Heimsieg für Leonard Zimmermann: „Ich habe meine Träume wahr gemacht“
Heider ist stärkster Mann Deutschlands U120kg
- Wenden, 05.03.2025
- Sport
Altenhof. 10 Ausnahme-Kraftsportler und mehr als 200 Zuschauer haben am Samstag, 1. März, die Bürgerbegegnungsstätte in Altenhof gefüllt. Bei der Deutschen Strongman-Meisterschaft in der Gewichtsklasse U120kg standen neun Stunden harter Wettkampf auf dem Programm. Als Sieger ging am Ende Leonard Zimmermann aus Heid hervor, der das Turnier erstmals in seine Heimat geholt hatte.

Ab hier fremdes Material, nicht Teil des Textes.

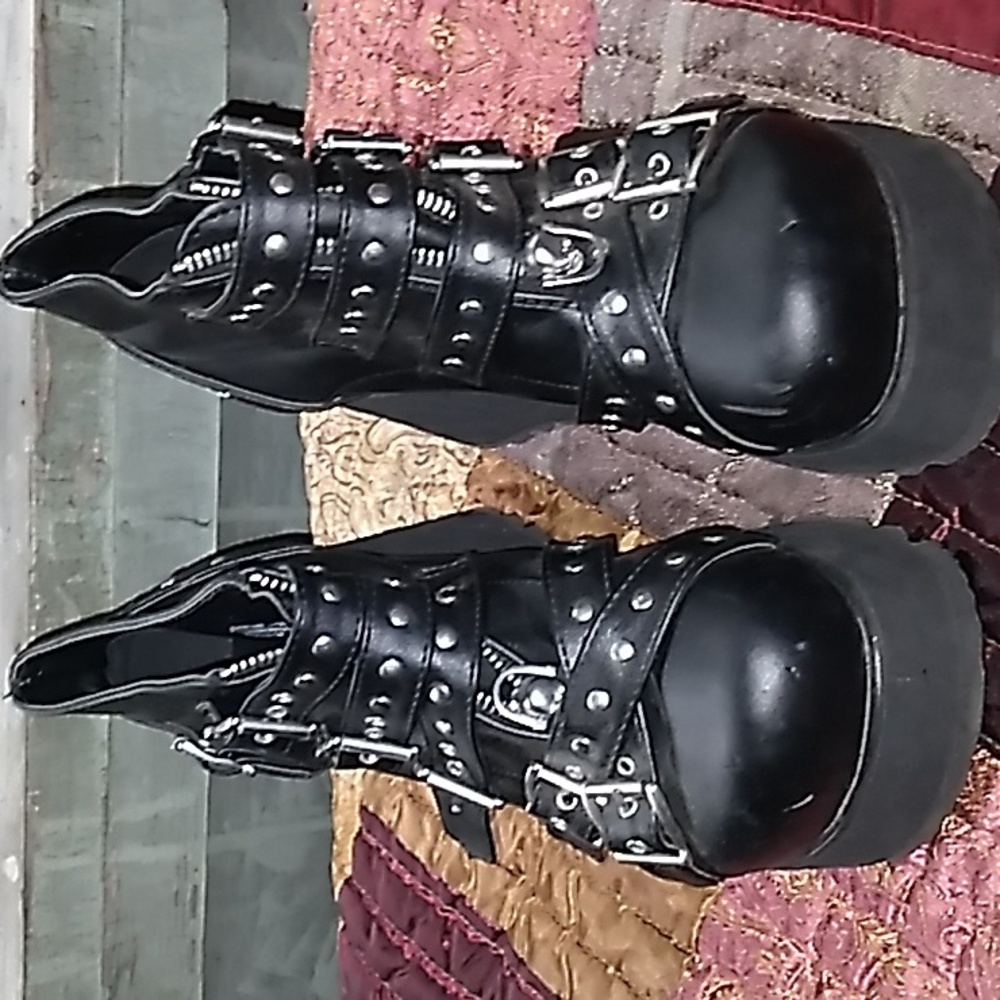 Demonia shoes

Sechs Disziplinen, neun Stunden Wettkampf: Wer Sieger der Deutschen Strongman-Meisterschaft U120kg werden wollte, der musste Durchhaltevermögen beweisen. Leonard Zimmermann aus Heid, gleichzeitig auch Organisator des Sport-Events, schaffte es.
„Es war immer mein Traum, den Titel nach Nordrhein-Westfalen und in das Sauerland zu holen“, freut sich Leonard Zimmermann. „Nach fünf Jahren hartem Training habe ich es endlich geschafft!“ Nun darf sich der 27-Jährige als stärkster Mann Deutschlands U120kg bezeichnen. „Ich habe meine Träume wahr gemacht.“

Die insgesamt zehn Athleten mussten sich in unterschiedlichen Disziplinen messen, bei denen statische Kraft gefordert war, aber auch Kraftausdauer und viele technische Aspekte. Viele Sportler waren aus ganz Deutschland angereist. Mehr als 200 Zuschauer kamen, um sich das Kraftsport-Spektakel anzusehen.
Zuletzt war es ein spannendes Kopf-an-Kopf-Battle zwischen den Athleten Leonard Zimmermann und Christian Schäfer aus Düren sowie Lucas Underwood aus Bremerhaven. Am Ende konnte sich Leonard Zimmermann knapp durchsetzen.
Im Strongman-Sport herrsche Zusammenhalt, beschreibt Leonard Zimmermann. „Jeder gönnt dem anderen seinen Erfolg. Der Stärkste gewinnt eben – keine Einzelfallentscheidungen und keine objektiven Bewertungen“, betont der Sieger aus Heid. „Wir sind eine kleine Familie und halten zusammen. Bei neun Stunden Schwerstarbeit muss man das auch.“

Diese Schwerstarbeit bestand aus ganz unterschiedlichen Aufgaben: Die Athleten mussten Baumstämme bis zu 140kg stemmen, Natursteine bis 120kg schultern, Monsterhanteln bis zu 80kg einarmig drücken, mit 350kg auf dem Nacken 20 Meter weit laufen und mit Metallkoffern je 110kg pro Hand so weit wie möglich laufen. Dazu wurden auch Gewichte bis zu 300kg beim Kreuzheben gehoben und vieles mehr.

„Das Schwierige dabei ist, die Motivation aufrechtzuhalten und neun Stunden lang immer wieder alle Kräfte aus sich herausholen“, erklärt Leonard Zimmermann. „Dazu war der Wettkampf in den letzten drei Disziplinen draußen und wir mussten uns den kalten Temperaturen stellen.“
Doch Aufgeben sei nie eine Option gewesen, betont der Heider, dessen Familie ebenfalls im Publikum mitfieberte. „Vor den Augen meines Vaters und meiner ganzen Familie gab es nur die Option, alles aus meinem Körper herauszuholen und den Sieg nach Hause zu holen.“
Keiner der Athleten verletzte sich beim Wettkampf. Die Kraftsportler verzichteten am Ende auf ihr Preisgeld, um es einem guten Zweck zu spenden. „Keiner von uns ist für das Geld gekommen, sondern um den Menschen im Sauerland zu zeigen, was wir für einen schönen Sport zu bieten haben“, so Leonard Zimmermann.